The much anticipated latest reading on consumer confidence, which was issued shortly after today’s market opening, surpassed consensus expectations. Indeed, the Consumer Confidence Index, a monthly survey based on a probability design random sample conducted by The Conference Board, rebounded significantly in February after declining during the first month of the New Year.
Specifically, the Consumer Confidence Index rose from 58.4 in January to 69.6 in February. This latest reading is encouraging, as the consumer accounts for the largest portion of the nation’s economic output. It also is an indication that the initial shock effect caused by the “fiscal cliff” uncertainty and payroll tax hikes appears to have abated. The latest data allay some of the recent concerns about shoppers' ability and willingness to spend in coming months. This, combined with the rapidly improving U.S. housing market, gives some confidence that the recent fourth-quarter GDP contraction was likely a one-time event and the rate of economic expansion should pick up as 2013 unfolds.

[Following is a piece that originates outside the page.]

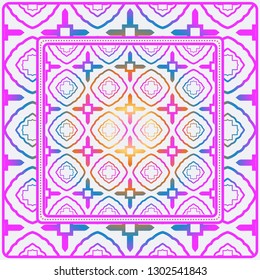 Design Of A Scarf With A Geometric Pattern . Vector Illustration. For Print Bandana, Shawl, Carpet, Tablecloth, Bed Cloth, Fashion. Rainbow color.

According to Lynn Franco, Director of The Conference Board Consumer Research Group, “Consumers’ assessment of current business and labor market conditions is more positive than last month.” Income expectations, which turned rather negative at the start of the year, improved modestly this month. Too, recent prices at both the producer and consumer levels remain rather tame, which should also help the cause of the consumer in the month ahead.
A closer examination of the latest report also unveils some positive developments. Those claiming business conditions are “good” rose to 18.1% in February from 16.1% in the prior month, while those claiming business conditions are “bad” dropped to 27.8% from 28.4%. Too, the survey showed that consumers’ appraisal of the jobs market was more upbeat than it was in January, as those saying jobs are “plentiful” increased to 10.5%, from 8.5%. Moreover, those same consumers expecting business conditions to improve over the next six months increased from 15.6% in January, to 18.9% in the current month.
All in all, the latest consumer assessment was much more favorable than those of the last few months and provides some hope that the consumer will be willing to spend in the near term, even with a budget deal on Capitol Hill still very much in doubt. Such a scenario would be a big boost for an economy that is currently moving forward at a very pedestrian pace.
At the time of this article's writing, the author did not have positions in any of the companies mentioned.